17 April 2015, Lagos – Global rating agency, Fitch Ratings, says the prospect of a smooth transfer of power in Nigeria has not removed the risks to the country’s sovereign credit.
Fitch, in a statement on Thursday, said the planned change of government in May had introduced “an economic policy uncertainty following smooth elections and the authorities’ proactive response to lower oil prices this year.”
The statement read, “The first transition from an elected ruling party to an opposition party, via a smoother and more credible electoral process than was widely expected, is positive for Nigeria and suggests that the country’s democratic institutions are getting stronger (governance indicators are much weaker than the ‘BB’ rating category medians).
“However, tensions may yet reignite in the Delta region and Boko Haram continues to disrupt economic and political activities in the North-Eeast. The advent of a new government creates uncertainty about its economic policy.”
Although economic issues did not feature prominently in the election campaign, Fitch said it assumed that the All Progressives Congress would not deviate fundamentally from the policies of the outgoing administration, maintaining a long-standing focus on areas such as oil, power and agricultural reforms.
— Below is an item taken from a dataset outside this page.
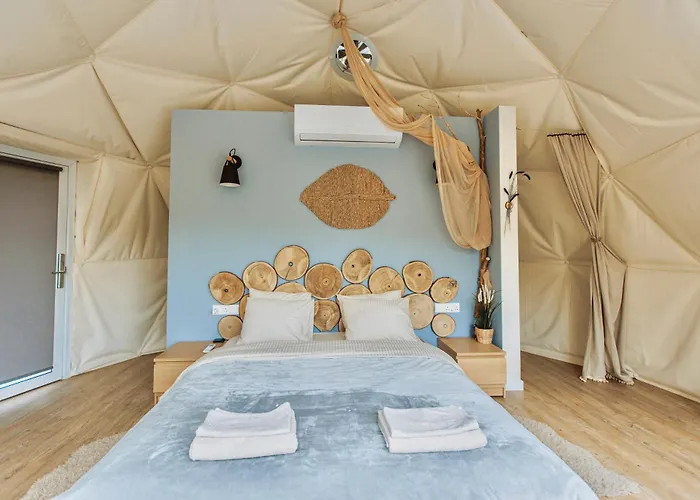 Geometry Park Lodge Agios Theodoros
According to the agency, the President-elect, Muhammadu Buhari’s economic team has yet to take shape and will be untested after 16 years of Peoples Democratic Party governments.
The statement further said, “If there were a hiatus or rethink in economic policy, it could delay a return of foreign portfolio inflows and the corresponding support for the exchange rate. Prior to the elections, the Nigerian authorities mounted a rapid response to the challenges of lower oil prices, compounded by capital outflows. The oil price assumed in the budget has been cut to $53/b for 2015 and cost-saving and revenue-raising measures have been introduced.
“Plans to extend successful existing programmes, such as improving tax administration and expenditure monitoring, suggest that the envisaged consolidation is achievable, and we forecast little change in the general government deficit in 2015. It remains to be seen if the new government will affirm the commitment to these or equivalent fiscal measures, as well as the previously planned post-election increase in VAT.”
Fitch also noted the reform of the currency regime and the 18 per cent devaluation in February eased pressure on the naira. This, it said, had firmed in the unofficial market since the elections.
It said, “Another managed fall in the currency would stabilise reserves, which have fallen below $30bn (or less than four months of import cover) and blunt the budgetary impact of cheaper oil. Our end-2015 forecast of N210 to the US dollar assumes such an exchange-rate adjustment, which will encourage a return of foreign capital and support the balance of payments.
“The policy response was prompted by Nigeria’s weaker external and fiscal buffers compared with the 2008-2009 oil shock. Weaker buffers and political uncertainty were among the drivers of our revision of the outlook on Nigeria’s ‘BB-’ rating to negative in March.”